DATASET EXTRACT >>
——————

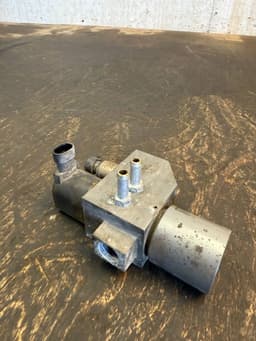 FIAT 51868728 51929839 51893651 Fuel pressure regulator FIAT PUNTO III / EVO (199) (2005-2018) — thumbnail 2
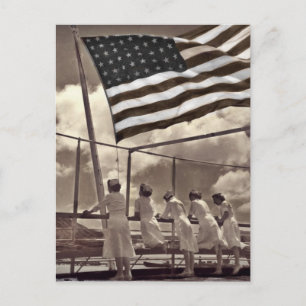 Krankenschwestern mit Blick auf eine Insel 1945 Postkarte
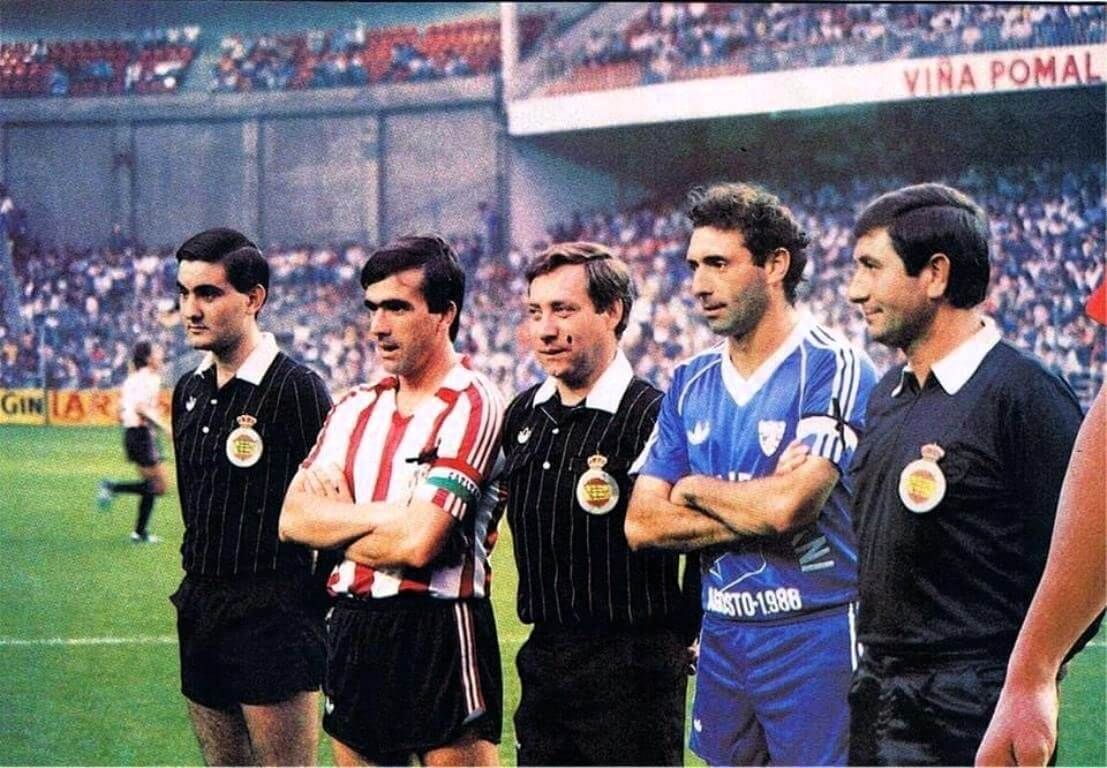  El árbitro Ilbon Urizar Azpitarte, entre Dani y Quini, en un homenaje en San Mamés en el año 1986.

——————

REQUIREMENT >>
Set the lines down exactly as they stand, from the one containing "Krankenschwestern mit Blick" through the end of the listing, omitting every picture.

WRITTEN RESPONSE >>
 Krankenschwestern mit Blick auf eine Insel 1945 Postkarte
  El árbitro Ilbon Urizar Azpitarte, entre Dani y Quini, en un homenaje en San Mamés en el año 1986.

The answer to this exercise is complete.